Please give every line below again exactly, but not its pictures.

§ Data shown:
-=-=-=-=-
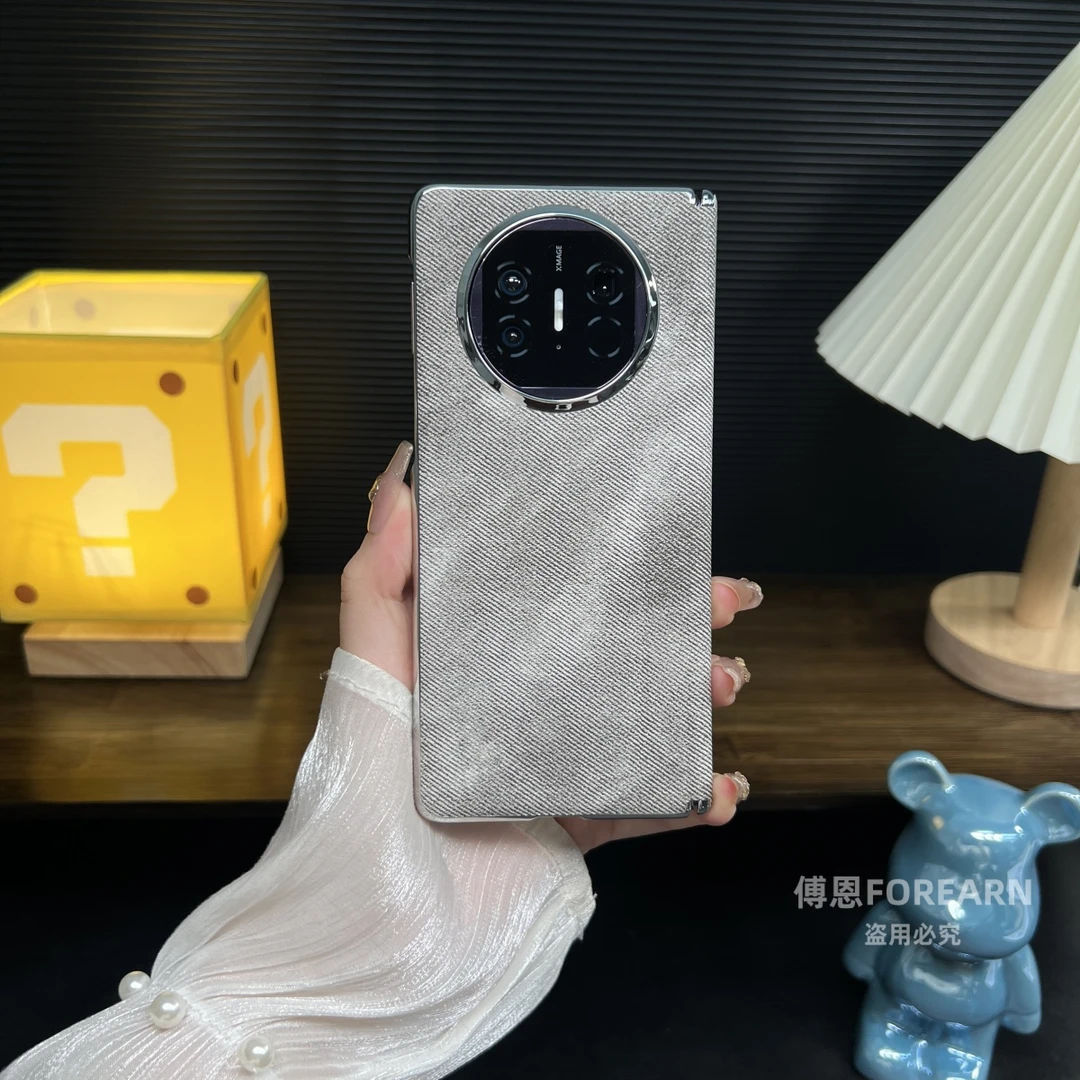 适用于华为MateX5手机壳matex6折叠屏x3保护套x5牛仔布中轴x6超薄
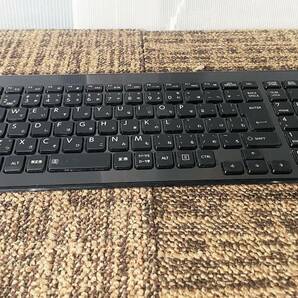 ◎★ 中古★TOSHIBA/東芝 ワイヤレスキーボード PC用キーボード 入力装置 ブラック【KG-1177】DAT2の画像3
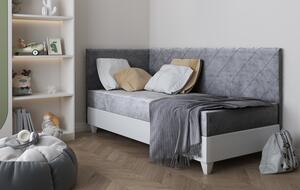 Čalouněná postel Eduardo Matrace: pěnová, Barva potahu: Amber 502, Čelo postele: po levé straně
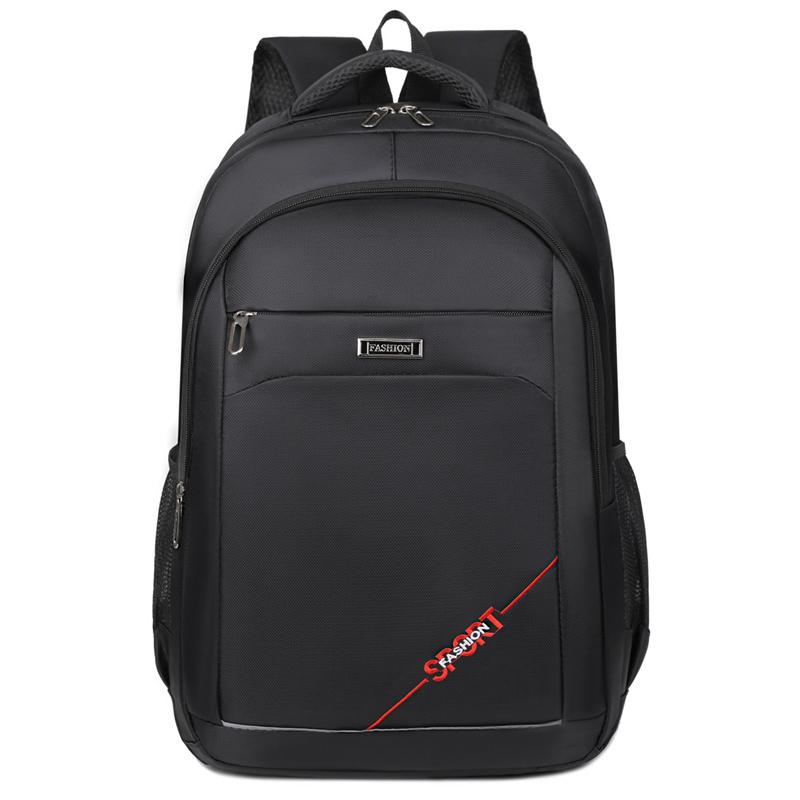 Unisexový batoh | Cestovní taška s více kapsami a zapínáním na zip, vhodná na služební cesty a krátké výlety - Černá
-=-=-=-=-
§ Solution to the exercise:
 适用于华为MateX5手机壳matex6折叠屏x3保护套x5牛仔布中轴x6超薄
 ◎★ 中古★TOSHIBA/東芝 ワイヤレスキーボード PC用キーボード 入力装置 ブラック【KG-1177】DAT2の画像3
 Čalouněná postel Eduardo Matrace: pěnová, Barva potahu: Amber 502, Čelo postele: po levé straně
 Unisexový batoh | Cestovní taška s více kapsami a zapínáním na zip, vhodná na služební cesty a krátké výlety - Černá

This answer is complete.